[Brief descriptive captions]
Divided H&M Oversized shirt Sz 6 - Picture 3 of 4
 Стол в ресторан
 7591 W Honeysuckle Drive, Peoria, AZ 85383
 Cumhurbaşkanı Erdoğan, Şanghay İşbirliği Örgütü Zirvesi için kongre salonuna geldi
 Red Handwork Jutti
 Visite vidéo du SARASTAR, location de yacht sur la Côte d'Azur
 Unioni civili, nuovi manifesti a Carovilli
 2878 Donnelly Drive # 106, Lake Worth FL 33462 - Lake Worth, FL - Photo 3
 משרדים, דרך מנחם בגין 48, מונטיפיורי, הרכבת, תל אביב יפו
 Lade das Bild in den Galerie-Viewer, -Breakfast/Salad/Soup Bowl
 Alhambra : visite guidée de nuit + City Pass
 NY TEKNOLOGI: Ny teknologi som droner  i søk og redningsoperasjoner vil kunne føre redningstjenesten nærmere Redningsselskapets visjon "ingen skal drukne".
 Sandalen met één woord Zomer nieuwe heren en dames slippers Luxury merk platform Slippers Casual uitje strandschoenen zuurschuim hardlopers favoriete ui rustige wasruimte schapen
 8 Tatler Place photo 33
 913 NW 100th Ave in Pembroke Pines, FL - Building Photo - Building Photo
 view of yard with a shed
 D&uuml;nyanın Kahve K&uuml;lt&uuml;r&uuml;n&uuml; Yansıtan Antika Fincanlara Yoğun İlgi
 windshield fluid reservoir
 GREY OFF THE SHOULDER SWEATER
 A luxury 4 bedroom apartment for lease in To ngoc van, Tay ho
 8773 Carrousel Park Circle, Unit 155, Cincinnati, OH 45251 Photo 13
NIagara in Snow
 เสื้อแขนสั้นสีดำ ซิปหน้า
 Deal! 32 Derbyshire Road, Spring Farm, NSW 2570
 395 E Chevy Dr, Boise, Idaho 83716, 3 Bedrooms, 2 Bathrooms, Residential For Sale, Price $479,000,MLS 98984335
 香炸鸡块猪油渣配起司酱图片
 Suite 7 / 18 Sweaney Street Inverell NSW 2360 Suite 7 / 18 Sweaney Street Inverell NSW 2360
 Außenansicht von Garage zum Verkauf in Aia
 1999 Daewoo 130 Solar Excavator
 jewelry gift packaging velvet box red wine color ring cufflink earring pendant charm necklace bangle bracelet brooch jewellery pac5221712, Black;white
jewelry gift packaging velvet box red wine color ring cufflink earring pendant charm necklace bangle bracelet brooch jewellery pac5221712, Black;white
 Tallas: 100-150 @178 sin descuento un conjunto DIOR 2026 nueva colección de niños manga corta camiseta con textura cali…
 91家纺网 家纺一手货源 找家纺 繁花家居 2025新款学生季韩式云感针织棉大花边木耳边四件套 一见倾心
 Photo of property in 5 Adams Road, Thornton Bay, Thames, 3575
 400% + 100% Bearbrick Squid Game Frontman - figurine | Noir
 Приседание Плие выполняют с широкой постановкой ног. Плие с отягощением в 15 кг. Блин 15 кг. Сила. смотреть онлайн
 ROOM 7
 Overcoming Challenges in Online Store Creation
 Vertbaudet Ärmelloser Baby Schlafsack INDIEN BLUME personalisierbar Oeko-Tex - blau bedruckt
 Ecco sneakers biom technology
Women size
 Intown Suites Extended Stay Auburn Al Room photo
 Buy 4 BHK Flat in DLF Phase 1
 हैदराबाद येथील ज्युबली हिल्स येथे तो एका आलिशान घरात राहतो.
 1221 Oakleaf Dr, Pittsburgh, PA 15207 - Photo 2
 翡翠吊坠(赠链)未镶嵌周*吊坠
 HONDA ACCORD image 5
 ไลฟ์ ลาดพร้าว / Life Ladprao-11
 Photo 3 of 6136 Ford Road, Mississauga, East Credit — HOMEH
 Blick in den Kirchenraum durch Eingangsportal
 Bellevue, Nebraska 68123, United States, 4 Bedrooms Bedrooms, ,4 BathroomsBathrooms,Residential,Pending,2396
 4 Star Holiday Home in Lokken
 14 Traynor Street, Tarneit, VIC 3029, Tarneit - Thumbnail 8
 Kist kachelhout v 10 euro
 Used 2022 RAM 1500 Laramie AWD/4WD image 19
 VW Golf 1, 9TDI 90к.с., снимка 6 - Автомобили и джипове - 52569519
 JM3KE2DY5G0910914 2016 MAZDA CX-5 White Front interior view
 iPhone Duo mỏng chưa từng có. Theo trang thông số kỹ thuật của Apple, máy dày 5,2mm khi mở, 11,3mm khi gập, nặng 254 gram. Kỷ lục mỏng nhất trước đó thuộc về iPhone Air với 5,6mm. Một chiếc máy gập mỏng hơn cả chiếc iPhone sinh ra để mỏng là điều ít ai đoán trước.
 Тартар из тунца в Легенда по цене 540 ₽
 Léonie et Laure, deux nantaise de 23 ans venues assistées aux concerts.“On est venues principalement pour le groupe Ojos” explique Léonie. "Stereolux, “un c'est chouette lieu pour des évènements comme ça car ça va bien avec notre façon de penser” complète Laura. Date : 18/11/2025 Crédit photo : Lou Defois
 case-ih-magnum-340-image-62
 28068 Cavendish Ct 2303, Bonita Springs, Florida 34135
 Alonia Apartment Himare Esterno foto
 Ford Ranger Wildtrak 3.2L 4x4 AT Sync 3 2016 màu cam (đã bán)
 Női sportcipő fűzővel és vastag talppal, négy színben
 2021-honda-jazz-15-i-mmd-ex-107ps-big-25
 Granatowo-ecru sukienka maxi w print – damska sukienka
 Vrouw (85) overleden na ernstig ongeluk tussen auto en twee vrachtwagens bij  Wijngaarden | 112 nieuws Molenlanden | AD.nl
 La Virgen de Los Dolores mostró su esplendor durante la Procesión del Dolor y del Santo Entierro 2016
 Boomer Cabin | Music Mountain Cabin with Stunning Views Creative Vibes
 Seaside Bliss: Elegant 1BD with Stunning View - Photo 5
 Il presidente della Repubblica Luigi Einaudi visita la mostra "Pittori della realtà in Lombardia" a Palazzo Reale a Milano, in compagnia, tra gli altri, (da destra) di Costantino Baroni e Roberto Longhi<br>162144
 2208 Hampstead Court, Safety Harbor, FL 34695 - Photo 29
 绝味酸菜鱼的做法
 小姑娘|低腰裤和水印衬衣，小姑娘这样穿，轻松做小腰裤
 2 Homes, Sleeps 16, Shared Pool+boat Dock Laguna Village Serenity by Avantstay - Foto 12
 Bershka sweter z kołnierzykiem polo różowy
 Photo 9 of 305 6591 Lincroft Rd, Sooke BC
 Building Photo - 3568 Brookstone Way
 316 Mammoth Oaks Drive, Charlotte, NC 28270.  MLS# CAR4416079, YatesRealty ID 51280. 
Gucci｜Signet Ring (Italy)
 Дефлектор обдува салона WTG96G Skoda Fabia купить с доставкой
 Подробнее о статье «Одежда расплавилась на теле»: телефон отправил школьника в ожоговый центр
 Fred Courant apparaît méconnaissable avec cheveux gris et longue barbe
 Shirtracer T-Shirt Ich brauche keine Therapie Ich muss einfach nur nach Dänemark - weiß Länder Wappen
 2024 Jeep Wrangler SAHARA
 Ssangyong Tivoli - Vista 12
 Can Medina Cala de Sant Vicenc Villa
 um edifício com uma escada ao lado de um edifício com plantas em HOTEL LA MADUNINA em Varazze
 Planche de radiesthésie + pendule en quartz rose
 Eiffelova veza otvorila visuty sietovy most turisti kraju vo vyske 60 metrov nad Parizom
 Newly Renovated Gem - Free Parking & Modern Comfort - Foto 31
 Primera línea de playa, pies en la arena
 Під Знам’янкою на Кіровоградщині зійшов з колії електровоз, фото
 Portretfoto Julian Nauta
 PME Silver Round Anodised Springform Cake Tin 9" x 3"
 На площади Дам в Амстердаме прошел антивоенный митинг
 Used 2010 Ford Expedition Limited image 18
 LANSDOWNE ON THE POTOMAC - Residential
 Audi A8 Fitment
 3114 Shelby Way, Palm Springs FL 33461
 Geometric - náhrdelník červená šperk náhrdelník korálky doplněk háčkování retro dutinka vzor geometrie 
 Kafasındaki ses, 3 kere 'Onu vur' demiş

Your assignment: There is a line with "Приседание Плие выполняют" and a line with "हैदराबाद येथील ज्युबली" above. Copy exactly those two lines and all lines between them, with nothing else.

Solution:
 Приседание Плие выполняют с широкой постановкой ног. Плие с отягощением в 15 кг. Блин 15 кг. Сила. смотреть онлайн
 ROOM 7
 Overcoming Challenges in Online Store Creation
 Vertbaudet Ärmelloser Baby Schlafsack INDIEN BLUME personalisierbar Oeko-Tex - blau bedruckt
 Ecco sneakers biom technology
Women size
 Intown Suites Extended Stay Auburn Al Room photo
 Buy 4 BHK Flat in DLF Phase 1
 हैदराबाद येथील ज्युबली हिल्स येथे तो एका आलिशान घरात राहतो.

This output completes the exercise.